金融科技极大得改变了金融服务业的面貌,提升了金融服务交付能力与效率。与此同时,也给全球决策者提出挑战,迫使其制定监管对策,在推动创新、维护金融体系弹性和保护消费者间取得平衡。

亚洲证券业与金融市场协会(Asia Securities Industry & Financial Markets Association, 后文简称ASIFMA)是一家独立区域性贸易协会,有100多家成员企业,由诸多行业领先的买方和卖方金融机构构成,包括银行、资产管理公司、律师事务所和市场基础设施服务提供商。

今日,ASIFMA与史密夫•斐尔律师事务所合作,制定了十条最佳做法,以指引亚洲监管机构,促进金融科技发展。

最佳做法1: 通过推动金融科技业参与者、金融机构和决策者之间的对话,支持开发和采用负责、 安全、可靠的金融科技产品和服务。

监管机构有必要定期与金融科技公司和金融机构开展跨部门对话,以便更清楚了解行业内新产品、新技术的开发进展与发展趋势等情况。定期对话也有助于监管机构和金融科技企业在产品和服务开发早期发现机会、鉴别风险。

ASIFMA支持亚洲监管机构为更清楚了解新型金融科技及其对现有政策的意义而采取的措施。这些措施包括:设立专门的金融科技办公室、联络点和中心; 设立“监管沙盒”,允许企业在拥有一定监管灵活度的环境下测试产品(限制时长)

最佳做法2:与金融业合作探索监管技术解决方案,创建更高效、更有效的监管监督和报告机制。

监管技术有望提供可配置、可靠且具有成本效益的监管方案。监管技术带来的一大利好是,它使得大批量复杂数据的存储和分析成为可能,而且有望整合并简化合规监测活动。各监管机构应借鉴同行在使用新技术访问和处理日益增多的可用数据方面的经验,推动实现投资者保护、市场公平、金融稳定。

最佳做法3:必要时,制定能适当平衡创新、安全和消费者保护三者关系的监管政策。

监管机构应出台原则性指导方针,让金融科技企业在开发新型或改良型产品/ 服务、满足客户需求的同时,推动实现保护投资者、维护市场公平公正、保持金融稳定等监管目标。监管措施要保持足够弹性,不要过于严苛。一刀切式决策不利于技术创新。

最佳做法4:确保统一的监管标准适用于所有市场参与者。

金融科技领域竞争日趋激烈。麦肯锡预测,在接下来十年里,老牌企业与新进企业 之间的顾客争夺战会愈演愈烈,到 2025 年,现今五大银行业务(消费金融、抵押贷款、借贷、零 售支付和财富管理)可能会损失 20%到 60%的利润。
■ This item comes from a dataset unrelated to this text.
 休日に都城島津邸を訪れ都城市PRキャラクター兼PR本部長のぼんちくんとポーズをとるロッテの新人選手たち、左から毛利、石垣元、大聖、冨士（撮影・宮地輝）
监管机构应该发挥作用,保证老牌企业和新 进企业之间能够平等竞争。老牌企业与新进企业都需要一定的空间来探索和尝试新的理念。同理,如果一个产品、服务、平台或者供应商要触及消费者,或者对体系构成了威胁,那么不管是老牌企业与新进企业,受到的监管标准也应该是一致的。

“了解你的客户”(KYC)和“反洗钱”(AML)这两大要求就是监管条例应平等对待老牌企业与新进企业的例子,且两者都对金融系统起到了至关重要的保护作用。

最佳做法5:开展机构间合作,推动全国受金融科技影响的各行各业包括银行、证券、保险和电信等实现一致。

有了统一的监管措施,金融科技新创企业才能更好地制定战略,并适应监管政策。监管机构、政府机关和国家部委也都能在分享经验和方法的过程中受益。例如,新加坡金管局(Monetary Authority of Singapore, 后文简称MAS)就设立了金融科技办公室,专门负责审查、对接和优化各政府机关关于金融科技的融资计划,并提供覆盖行业基础设施机构间合作战略。

最佳做法6:加强与其他国家/地区的监管机构的跨境合作,促进采取最佳做法,签订互认协议,并统一法律和监管要求。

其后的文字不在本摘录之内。